Mark Twain’s The Adventures of Tom Sawyer is a bildungsroman about a twelve-year-old boy named Tom Sawyer who lives in a small town along the Mississippi River. A bildungsroman is a coming-of-age story that follows a young protagonist on their journey from childhood to maturity. 

Tom Sawyer is one of literature’s most famous troublemakers. He is clever, he is bold, and he is highly persuasive. Twain cements these traits in the novel’s second chapter when Tom, forced to do chores on a Saturday instead of going out to play, successfully tricks his playmates into paying him for the privilege to whitewash Tom’s fence. The whitewashing scene is perhaps the most iconic but much of the novel consists of episodic installments that encapsulate Tom’s childhood. Some examples include his games about Robin Hood or pirates and his various attempts to appear dashing and heroic in front of his crush, Becky Thatcher. All of these anecdotes establish that Tom is a mischievous boy with a taste for adventure.  

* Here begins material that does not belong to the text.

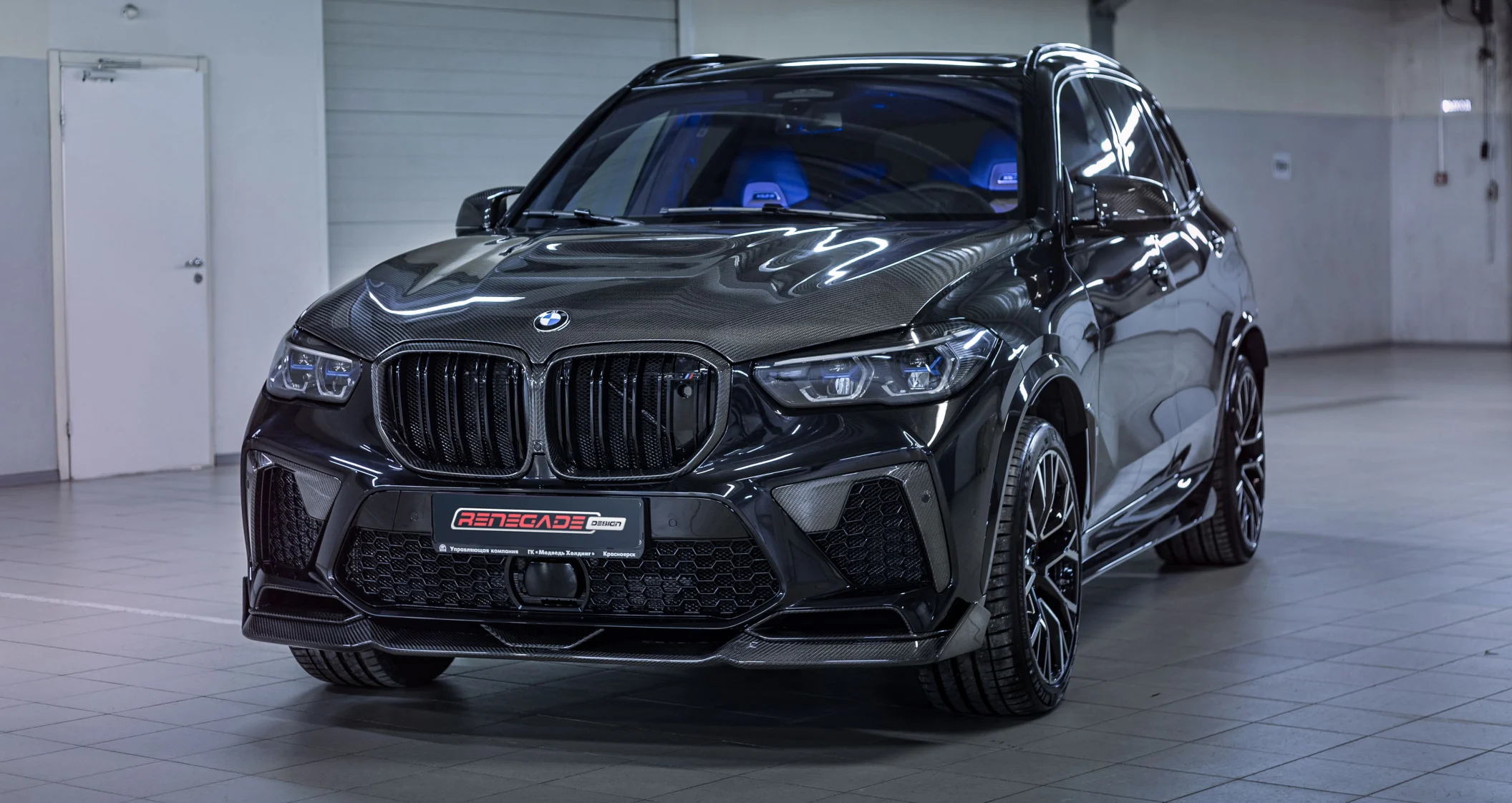 BMW X5M F95 in Black Sapphire: komplettes 6K Carbon — weil „Maximum“ keine halbe Sache ist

The turning point in the novel occurs when Tom and his friend Huck Finn, while looking for spirits in the graveyard, accidentally witness town recluse Injun Joe murder Dr. Robinson and frame Muff Potter. Dr. Robinson’s murder represents the end of the purely innocent portion of the novel. Up until that moment, Tom’s adventures were youthful and harmless but now the ignoble adult world has infringed upon childhood. 

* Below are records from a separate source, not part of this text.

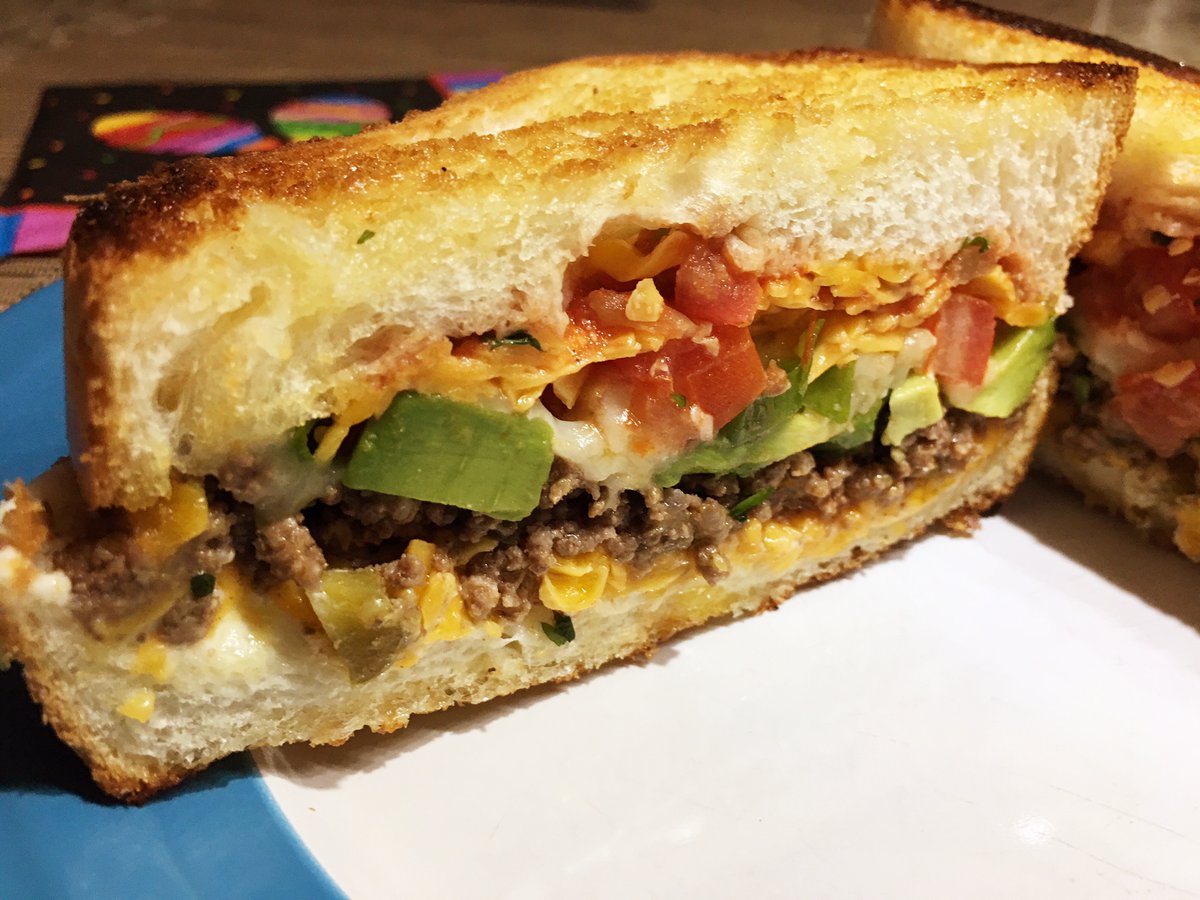 clubfoody1's tweet image. Today is National #NachosDay 🇲🇽
Nacho Cheese Sandwich... a delicious twist! 🥪
(check out my previous post 👇 for another nacho recipe)

#YouTube 📽️: youtu.be/9XUS_loFEpw
RECIPE ➡️: clubfoody.com/cf-recipes/nac…

@EventGuideToday @DiningGuide2Day #RecipeOfTheDay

Tom and Huck swear a blood oath to never speak of the incident out of fear that Injun Joe will seek vengeance upon them. However, Potter’s framing weighs heavily on Tom’s conscience and he ultimately testifies at Potter’s trial and describes what he saw at the graveyard. The court scene is a crucial step in Tom’s coming-of-age story because it shows his growing maturity and his sense of right and wrong.    

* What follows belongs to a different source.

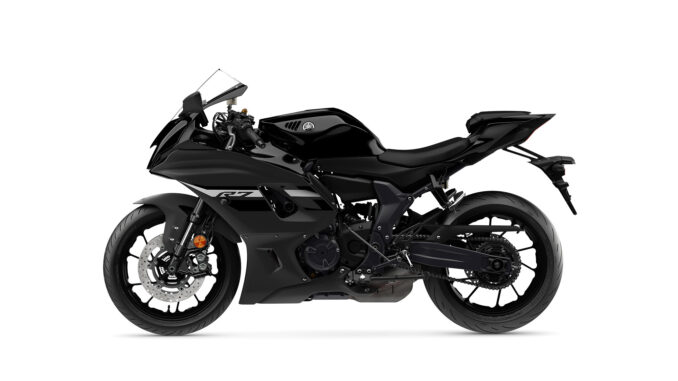 2024 Yamaha YZF-R7 Guide • Total Motorcycle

If The Adventures of Tom Sawyer was a traditional bildungsroman, the story would have ended after Tom testifies. However, the novel is as much an adventure story as it is a bildungsroman so, instead of ending, Injun Joe escapes, the rising action portion of the novel continues, and the stakes get raised. The motifs of criminals and buried treasure in Tom’s games return to the novel, only now they revolve around the very real Injun Joe and his equally real gold instead of make-believe. Tom and Huck discover Injun Joe's plan to hide his treasure, Tom develops an effective system that the pair can use to spy on Injun Joe, and he even wins Becky’s approval: all examples that showcase his development and guide the reader to the text’s impending climax. 
In the climax of the novel, Huck overhears Injun Joe’s plan to kill the Widow Douglas and saves her before Injun Joe gets the chance, and Tom and Becky are stranded in a cave. Tom is able to prove himself one more time when he successfully uses his clever and resourceful nature to keep himself and Becky alive. He also manages to escape Injun Joe, who is hiding in the cave. 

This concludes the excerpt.